Why Nonprofit Leaders Need Habits for Measuring Performance
This post originally appeared on the American Evaluation Association's blog, and can be found here.
Over the last two years I worked as the Data and Evaluation Manager at the San Francisco Child Abuse Prevention Center (SFCAPC), a mid-size nonprofit focused on ending child abuse in San Francisco. This was a fantastic learning experience — I worked with 50+ staff members ranging from policy advocates to social workers, helping them use our data to serve clients better.

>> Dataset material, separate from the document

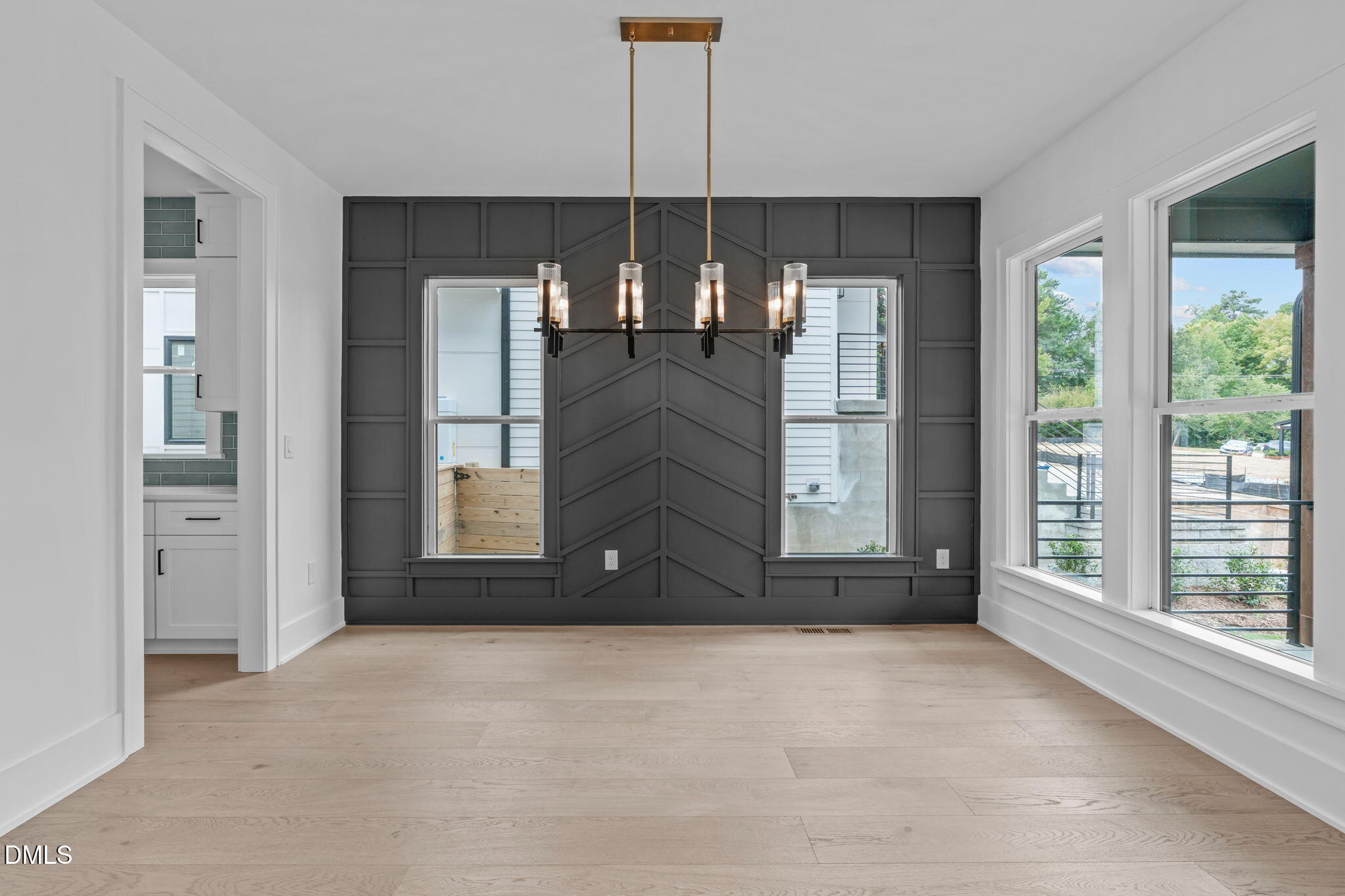 1012 Addison Place Raleigh, NC 27610 - Photo 5 of 56 a view of a kitchen with a sink and a large window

About two months into this job, I read a book that changed how I approach this work entirely:
I believe great people to be those who know how they got to where they are, and what they need to do to go where they’re going. They go to work on their lives, not just in their lives… They compare what they’ve done with what they intend to do. And when there’s disparity between the two, they don’t wait very long to make up the difference. — Michael E Gerber, The E-Myth Revisited
Reading Gerber’s book convinced me on the importance of systems and habits to help people succeed at their jobs. This particular nonprofit had a database that held client information — Efforts to Outcomes — but had few habits to improve that system and use that data to serve our clients better. So, I set out to create habits for how we do our “data” work.
I read through books, blogs, and web sites, and talked to mentors and friends to get a sense for what other organizations do. I found many resources that shaped my approach to creating these new “data habits”. Some of the best are:
The books, whitepapers, and newsletter from the Leap of Reason Institute — The free e-books on this site by Mario Moreno and David Hunter, and the institute’s recent whitepaper, The Performance Imperative, are the resources I recommend most often to others.
Sheri Cheney Jones’ book Impact and Excellence — Jones’ book contains many useful strategies she uses in her consulting practice to help clients generating insights from their data when resources are scarce.
The Root Cause Blog — Root Cause is another consulting firm that supports nonprofits in creating effective data and evaluation habits; they share some of their tricks on their blog.
The Data Analysts for Social Good professional association — Members get access to 25+ webinars ranging on topics from justifying the return on investment of data analysis to introductory analytical techniques using Excel, R, and other platforms.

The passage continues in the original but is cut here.